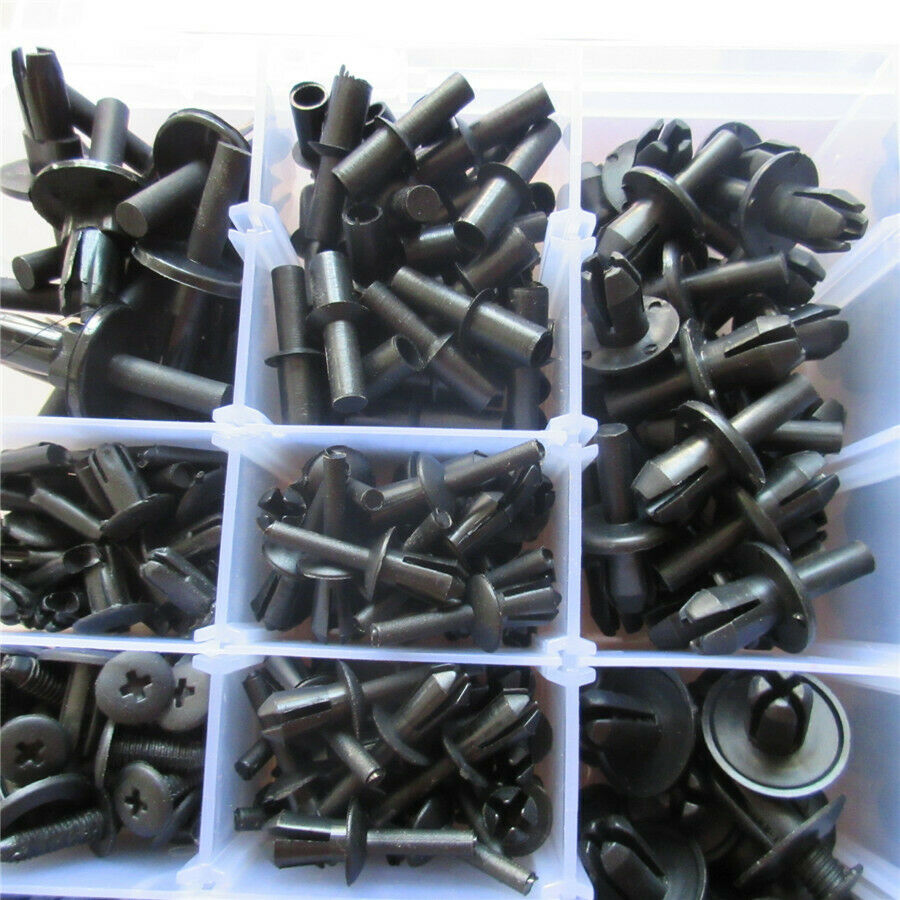 456 pcs Plastic Bumper Fastener Rivet Clips Automotive Furniture Assembly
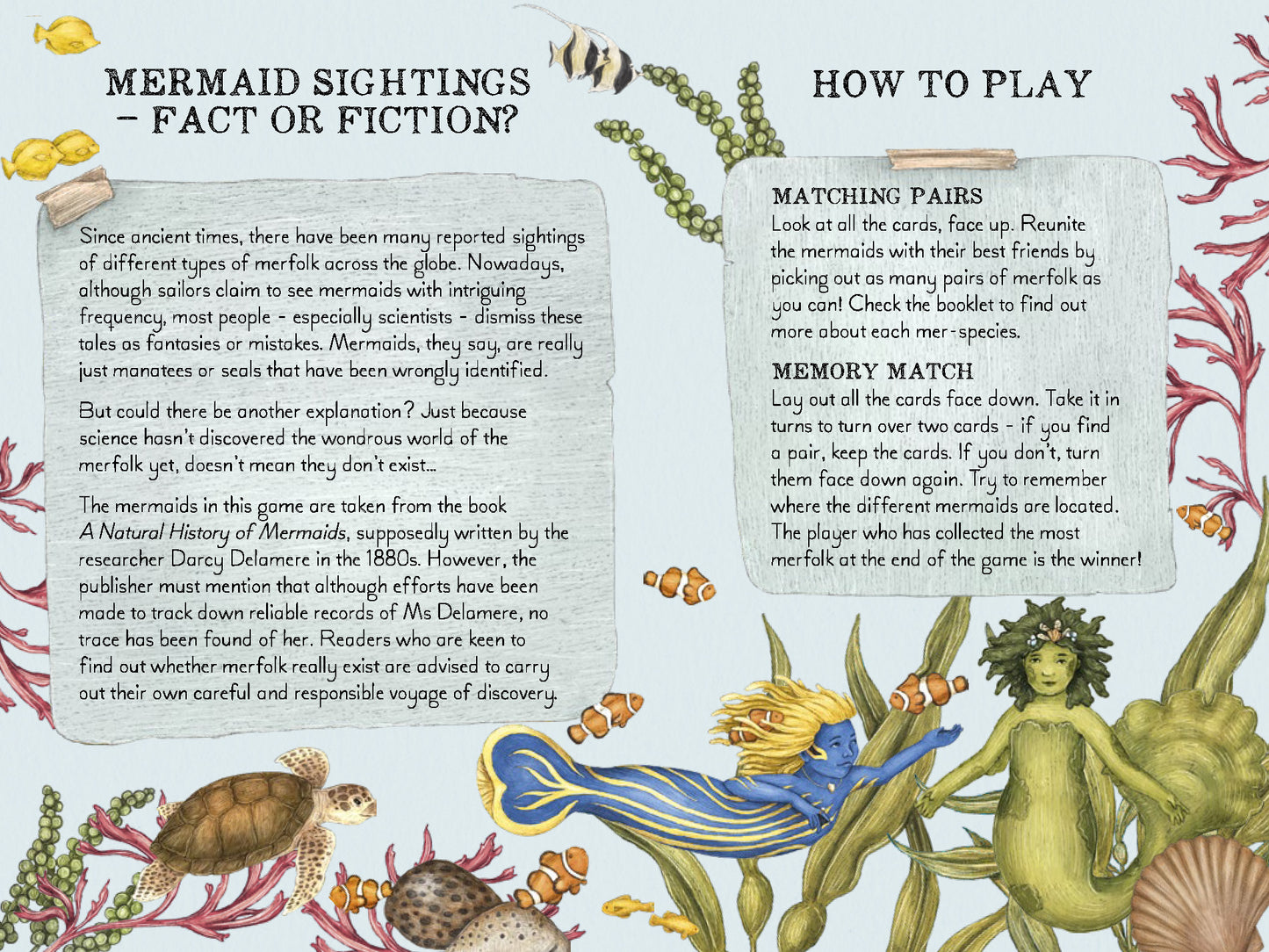 Match the Mermaids - A Memory Game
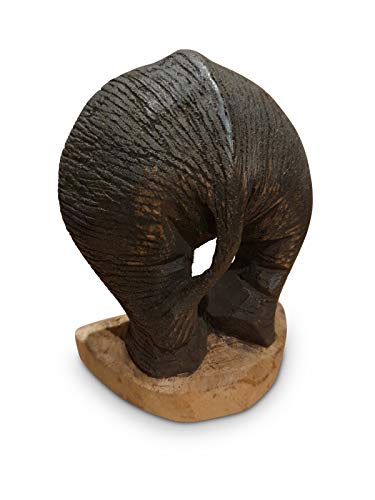 Kinaree Wandbild Elefanten Po - Wandskulptur Elefant - 13cm Wandbild - Dekoration aus Thailand von Kinaree
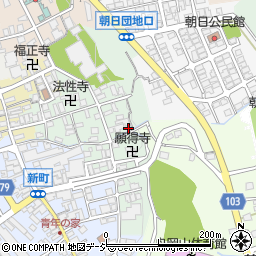 石川県白山市鶴来清沢町ヨ108-1周辺の地図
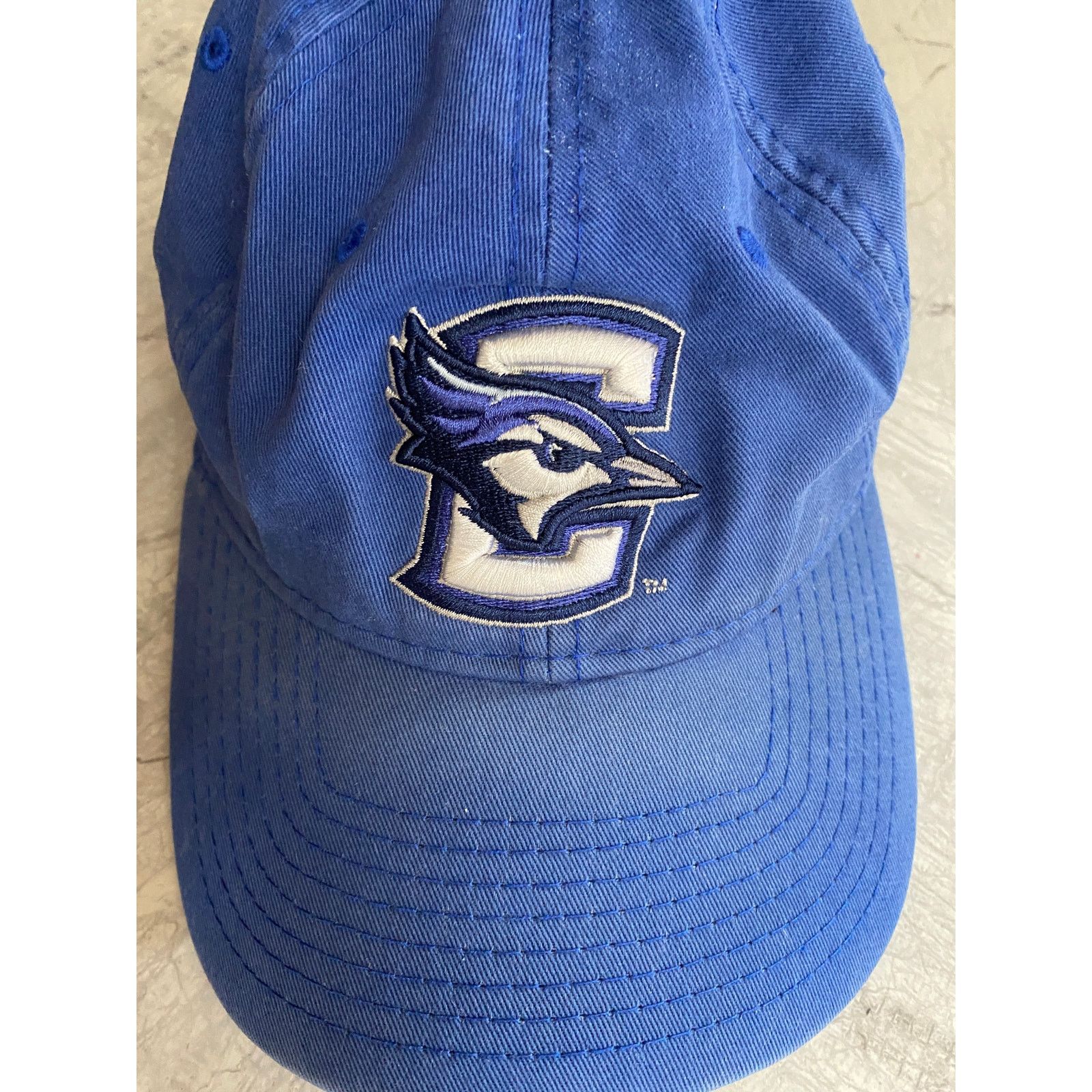 The Game Creighton Blue Jays Faded Blue Strapback Hat Size ONE SIZE - 3 Thumbnail
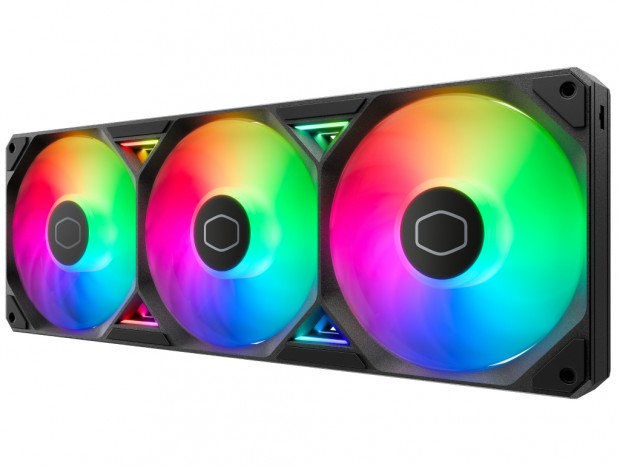 Cooler Master、配線・取り付けが簡単な一体型フレームファン「Sickleflow Edge 360/240 ARGB」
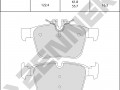 Brake pads DBP0643_4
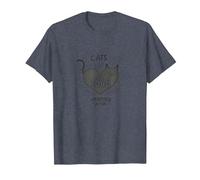 Cats Are Love Wrapped in Fur - Adorabile Amante degli Animali Domestici Maglietta, Uomo, Pervinca, 6XL
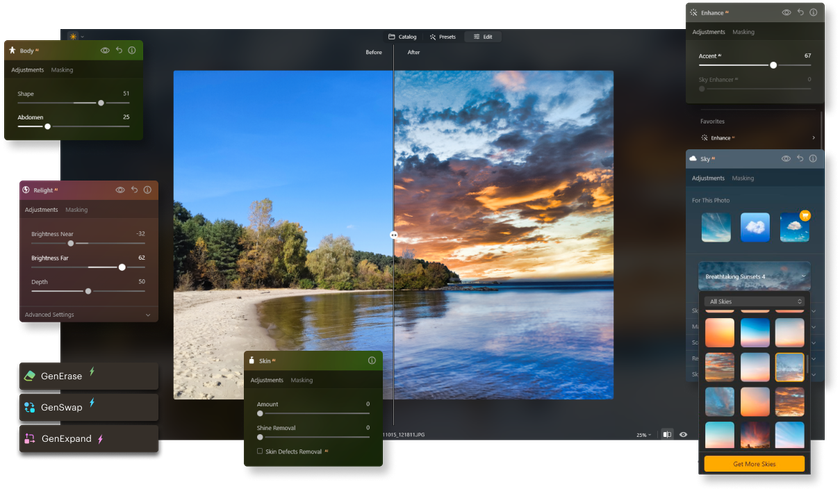 Example of Editing in Luminar Neo | Skylum Blog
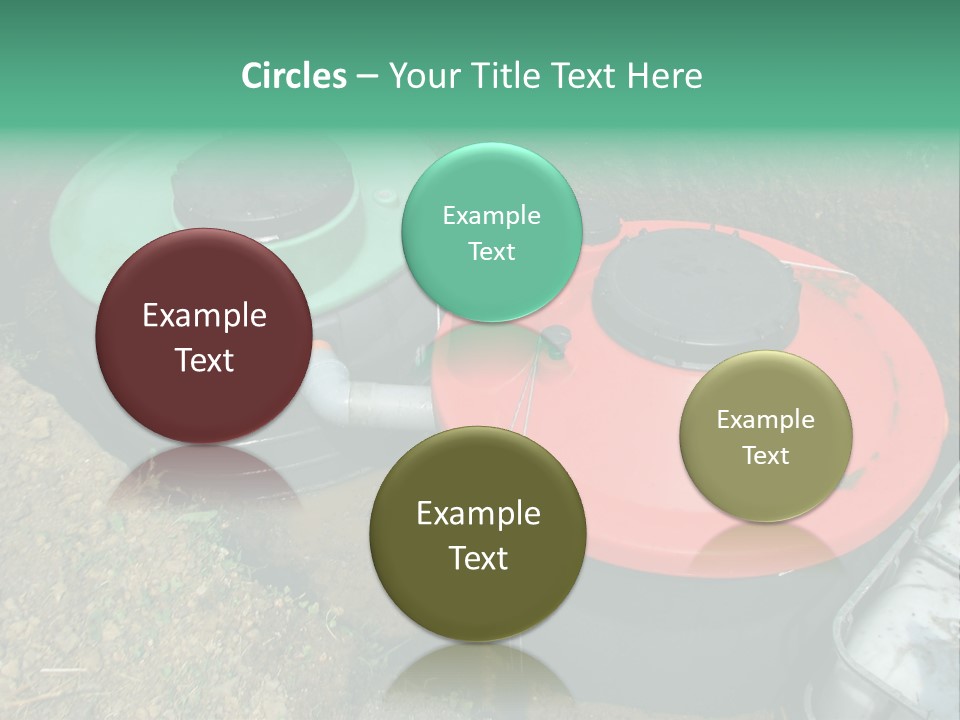 Septic System Instalation In Rural Area PowerPoint Template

------------------------------

- _Requirement_
Set down the entries exactly as they appear, with every picture left out.

- _Finished exercise_
 456 pcs Plastic Bumper Fastener Rivet Clips Automotive Furniture Assembly
 Match the Mermaids - A Memory Game
 Kinaree Wandbild Elefanten Po - Wandskulptur Elefant - 13cm Wandbild - Dekoration aus Thailand von Kinaree
 石川県白山市鶴来清沢町ヨ108-1周辺の地図
 The Game Creighton Blue Jays Faded Blue Strapback Hat Size ONE SIZE - 3 Thumbnail
 Cooler Master、配線・取り付けが簡単な一体型フレームファン「Sickleflow Edge 360/240 ARGB」
 Brake pads DBP0643_4
 Cats Are Love Wrapped in Fur - Adorabile Amante degli Animali Domestici Maglietta, Uomo, Pervinca, 6XL
 Example of Editing in Luminar Neo | Skylum Blog
 Septic System Instalation In Rural Area PowerPoint Template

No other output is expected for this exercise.